El día del Señor: domingo 20º del T.O. (C)

El Señor nos recuerda el Amor tan grande que nos tiene y nos invita a abrinos a él. Acompaño mis reflexiones. 

"Tengo que pasar por un bautismo, ¡y qué angustia hasta que se cumpla!". Todo la vida de Cristo gravita sobre este momento, la hora, su hora, como le gustaba llamarla, de dar la vida por la Humanidad. 

Representa un consuelo inmenso saber que somos amados con toda la energía de un Dios. Cuando no se olvida que una sola gota de su sangre, un mero deseo, hubiese bastado para redimir a la humanidad de todas sus culpas y, no obstante, Cristo la vertió toda en el atroz suplicio de la Cruz, estamos en condiciones, al menos, de intuir cuál es la seriedad con que Dios nos ama.

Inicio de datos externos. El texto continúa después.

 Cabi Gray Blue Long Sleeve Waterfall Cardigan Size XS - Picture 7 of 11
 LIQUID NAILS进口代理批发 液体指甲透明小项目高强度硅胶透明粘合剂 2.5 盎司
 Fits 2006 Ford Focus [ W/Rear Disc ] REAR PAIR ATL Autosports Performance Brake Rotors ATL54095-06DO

¡Somos gente intensamente querida incluso en las horas de mayor ingratitud o en las que hemos cometido los pecados más grandes! Este amor se llevó a cabo en la Cruz y se nos hace presente en la celebración del Santo Sacrificio de la Misa. Si queremos tener en el corazón idénticos sentimientos que Cristo Jesús (Cf Flp 2, 5), hemos de amar la Santa Misa y hacer de nuestra vida una Misa, esto es una entrega también de nuestra vida a los demás.

"La Eucaristía -enseña Juan Pablo II- nos educa en el amor de un modo más profundo; en efecto, demuestra qué valor debe tener a los ojos de Dios todo hombre, nuestro hermano y hermana, si Cristo se ofrece a Sí mismo bajo las especies del pan y del vino...Así mismo debemos hacernos particularmente sensibles a todo sufrimiento y miseria humana, a toda injusticia y ofensa, buscando el modo de repararlos de manera eficaz. Aprendamos a descubrir con respeto la verdad del hombre interior, porque precisamente este interior del hombre se hace morada de Dios presente en la Eucaristía".

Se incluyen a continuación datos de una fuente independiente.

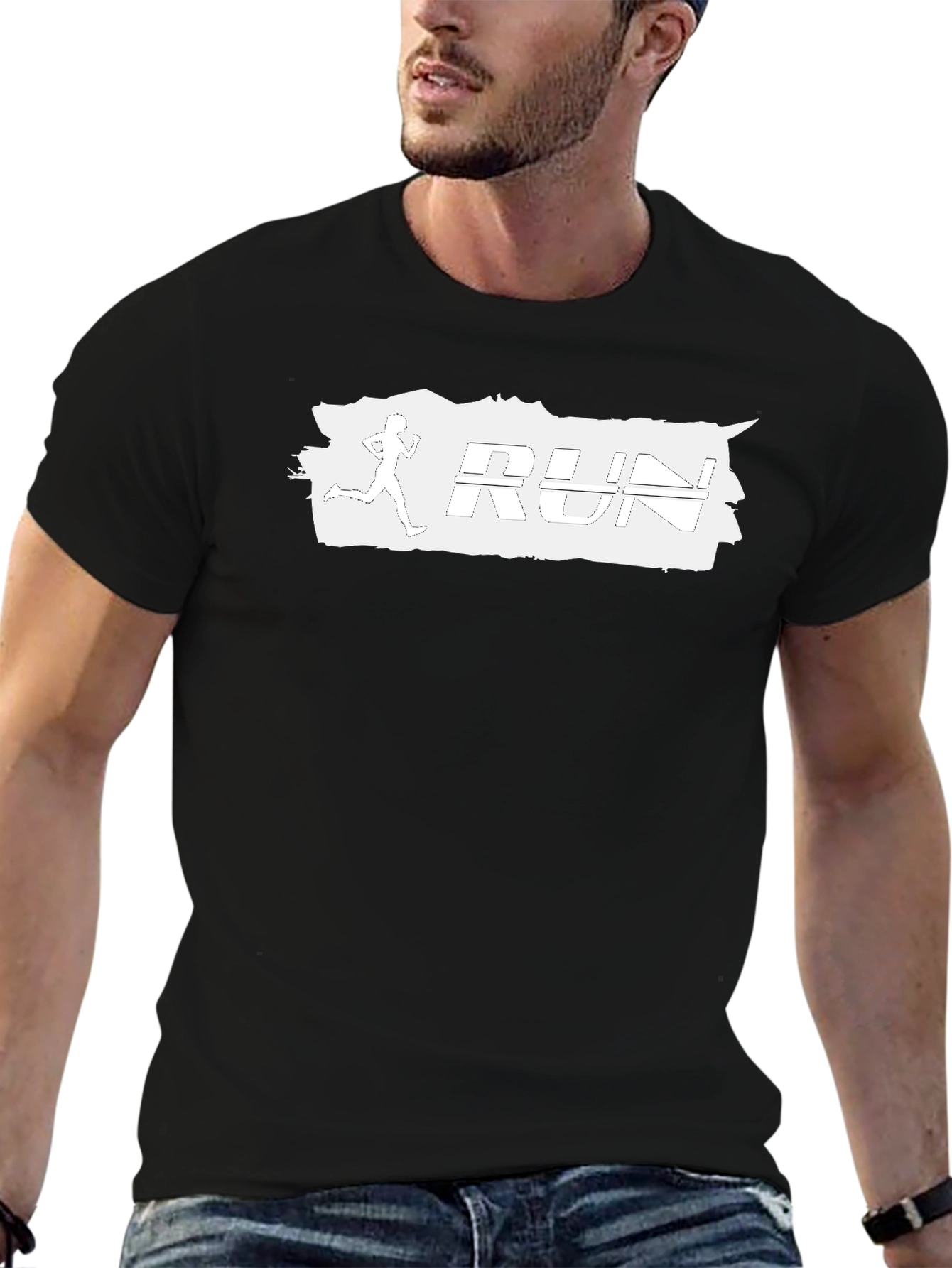 Run Graphic T-Shirt - Black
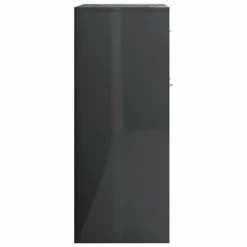 VidaXL Buffet Gris brillant 88x30x70 cm Aggloméré -Buffets & bahuts Soldes image 6 800683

Este anhelo de Jesús por hacer arder los corazones ha contagiado a innumerables personas a lo largo de la historia que han sabido corresponder generosamente. Por ejemplo, san Josemaría narraba en primera persona cómo le sucedió a él y cómo reaccionó: “cuando yo tenía barruntos de que el Señor quería algo y no sabía lo que era, decía gritando, cantando, ¡como podía!, unas palabras que seguramente, si no las habéis pronunciado con la boca, las habéis paladeado con el corazón: ignem veni mittere in terram et quid volo nisi ut accendatur? (Lc 12, 49); he venido a poner fuego a la tierra, ¿y qué quiero sino que arda? Y la contestación: ecce ego quia vocasti me! (1 Reg 3, 9), aquí estoy, porque me has llamado”

Podemos preguntarnos si tenemos habitualmente esta valentía y disponibilidad de los santos para favorecer la acción divina en nosotros; si nuestro diálogo diario con Dios hace arder nuestro corazón como a los discípulos de Emaús; si permitimos al Espíritu Santo que nos mueva como a ellos a anunciarlo a otros llenos de alegría y del mismo afán apostólico.

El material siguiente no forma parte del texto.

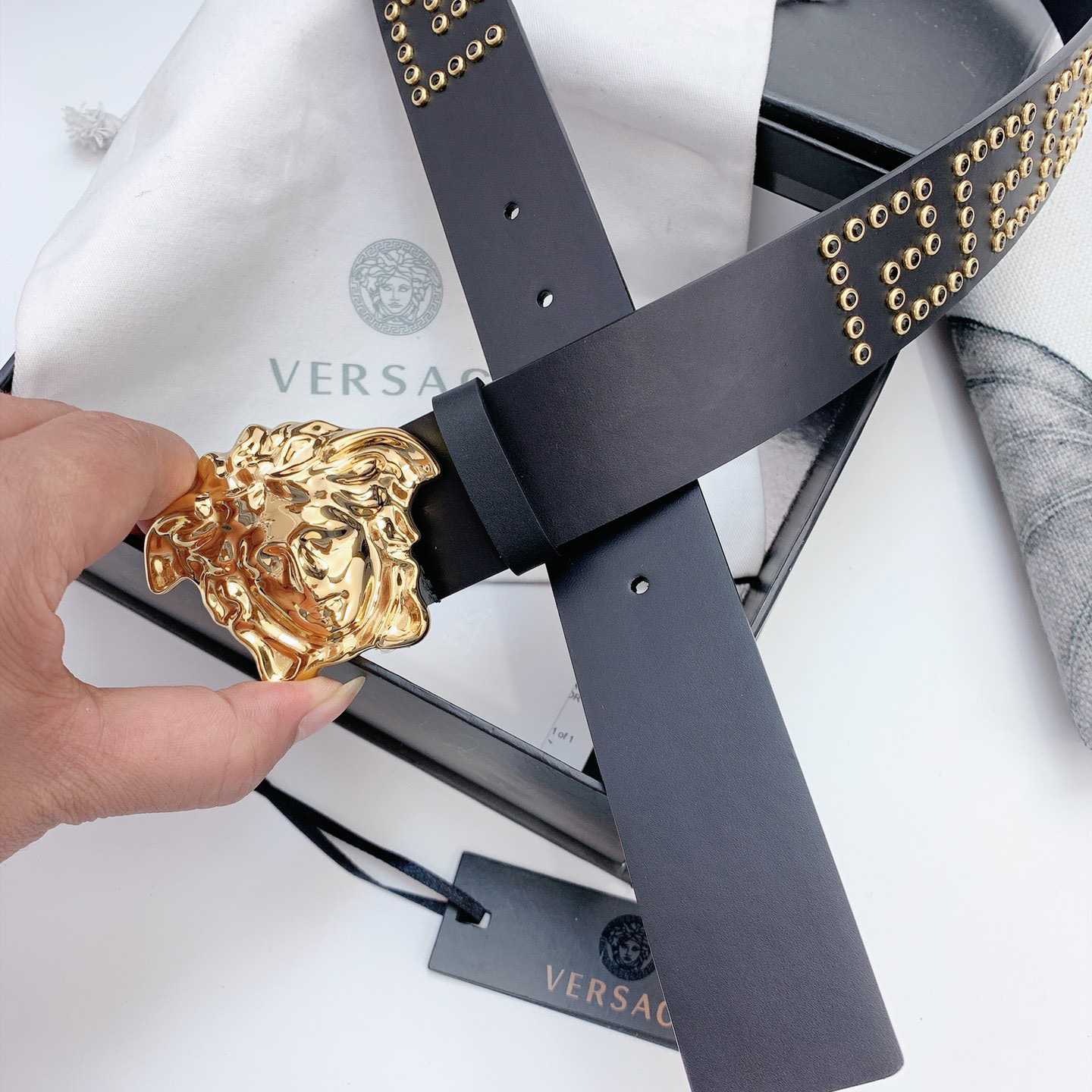 Versace Medusa Ledergürtel 40 mm - EUR FASHION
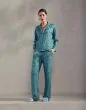 ESSENZA Nora Eliza Soft teal Lange broek XS
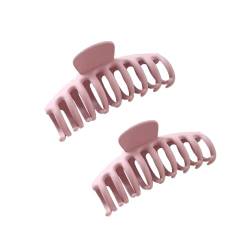 Youning Große Haarklammer,Klaue Clips,Haarspangen,haarspangen mädchen,Unregelmäßige,Rutschfeste Haarnadel,Damen Dicke Haare Klaue Klammern Haarbackenclips 11cm (2PCS-Rosa) von Youning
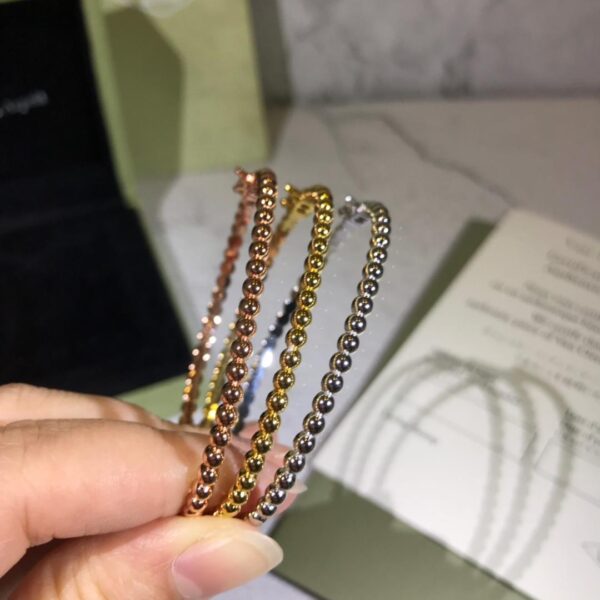Van Cleef & Arpels Perlee Pearls of Gold Bracelet 3 Colors - Image 3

Así debe ser porque, en realidad, la Misa no termina cuando volvemos a nuestras ocupaciones habituales. "Después de haber participado en la Misa, enseña Pablo VI, cada uno ha de ser solícito en agradar a Dios y vivir rectamente, practicando lo aprendido y progresando en el servicio de Dios, trabajando por impregnar el mundo del espíritu cristiano y siendo testigo de Cristo en toda circunstancia".

En aquel tiempo, dijo Jesús a sus discípulos: -«He venido a prender fuego en el mundo, ¡y ojalá estuviera ya ardiendo! Tengo que pasar por un bautismo, ¡y qué angustia hasta que se cumpla! ¿Pensáis que be venido a traer al mundo paz? No, sino división. En adelante, una familia de cinco estará dividida: tres contra dos y dos contra tres; estarán divididos el padre contra el hijo y el hijo contra el padre, la madre contra la hija y la hija contra la madre, la suegra contra la nuera y la nuera contra la suegra” (Lucas 12,49-53).